A shopping cart generally costs more than a general website host. Volusion (www.volusion.com), for example, offers five different hosting packages ranging from $49 to $149 per month. But the consultation, customer support, and marketing assistance offered by shopping cart packages makes them well worth the expense, especially when you're just starting out.

Design

You don’t always need to hire a designer, especially if you sell on Amazon.com, where design hardly matters and you place only brief product listings. Some e-commerce hosting services provide templates that you can adapt to your own site. (A template is a predesigned web page that you can fill with your own words and images. You don’t have to do any design.) Since you’re just starting out and are on a shoestring, sign up with a host and use its templates to get your site started. Once you get some income flowing, you might want to hire someone to create a distinctive design and help you with more advanced store features.

Promotions

Whether you’re selling products on a blog or promoting your services, your goal is to entice visitors to click your website, explore it, stay for as long as possible, and come back on a regular basis. You want your website or your store to have a “stickiness” factor. Promotions can go a long way toward making your site sticky. These include

Coupons

Sales

Free shipping

Deals for returning customers

Free shipping is a big deal on the web. Studies have shown that people are more likely to click the Add to Cart or Buy button if they don’t have to pay for shipping — even if the price is higher because you, the seller, have built the shipping cost into the price. This is controversial. On eBay, sellers get a higher seller rating if they offer free shipping. But with the higher price, you become less competitive compared to other sellers who might be offering similar items. You might consider doing an experiment and offering some items with free shipping as a promotion, and see what happens.

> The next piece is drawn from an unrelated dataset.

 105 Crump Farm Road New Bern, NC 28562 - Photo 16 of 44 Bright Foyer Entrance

How do you create these kinds of promotions? That’s where the choice of shopping cart service becomes critical; it can help you with creating and distributing such deals.

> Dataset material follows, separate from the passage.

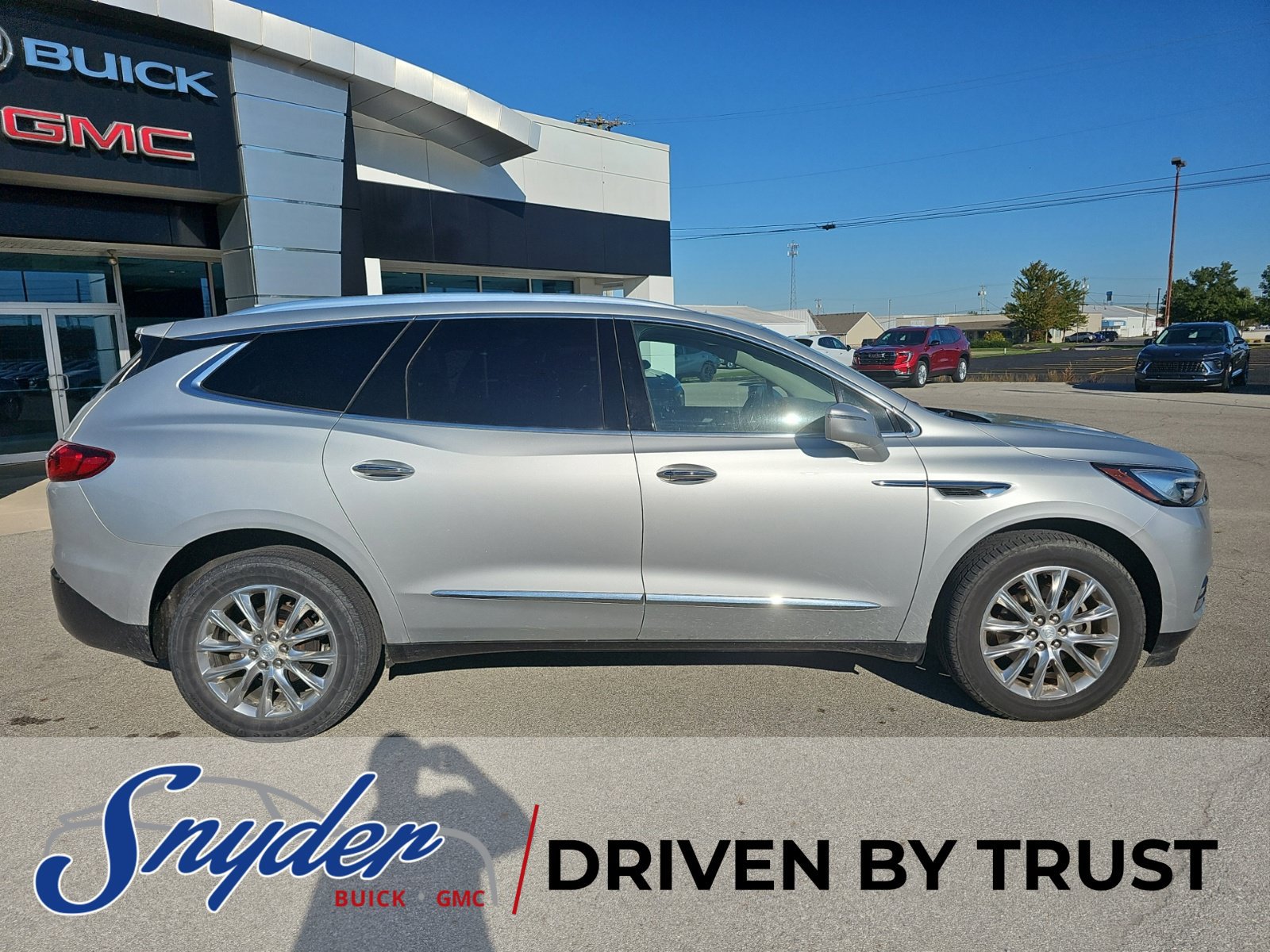 Used 2018 Buick Enclave Premium w/ Experience Buick Package AWD/4WD image 25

Once you have a website in place, you can branch out to link it to other promotional sites, videos, or photo collections, just as entrepreneur Lars Hundley does in the nearby sidebar. Or you might open storefronts and social media sites as described in the sections that follow.

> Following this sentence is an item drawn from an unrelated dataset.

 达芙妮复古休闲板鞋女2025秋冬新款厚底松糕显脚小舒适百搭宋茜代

Connecting with customers via social marketing

When I wrote the first edition of this book back in 1998, you could advertise your online business in a few ways: through a website, through postings on online discussion boards, through placing banner ads, and by exchanging links to other sites. Now you can do viral marketing (word-of-mouth advertising) on social networking sites.

Blogs plant seeds, gardening business blooms

Lars Hundley is an expert with blogs, photo-sharing, and social networking sites to market his products. His Dallas, Texas–based business, Clean Air Gardening (www.cleanairgardening.com), posted sales of $1.2 million in 2012, down from $1.5 million in 2006. A site related to the main one, the yo-yo site Yoyoplay.com, posted sales of $750,000 and $500,000 in sales came from listings on Amazon.com. "Amazon and its shipping prices on oversized items like composters and rain barrels are killing us!" commented Hundley. But he continues to market multiple websites enthusiastically with the optimism of the successful entrepreneur.

Products occasionally receive the attention of traditional media. A few years ago, for example, Clear Air Gardening was mentioned in The New York Times as well as on Good Morning America.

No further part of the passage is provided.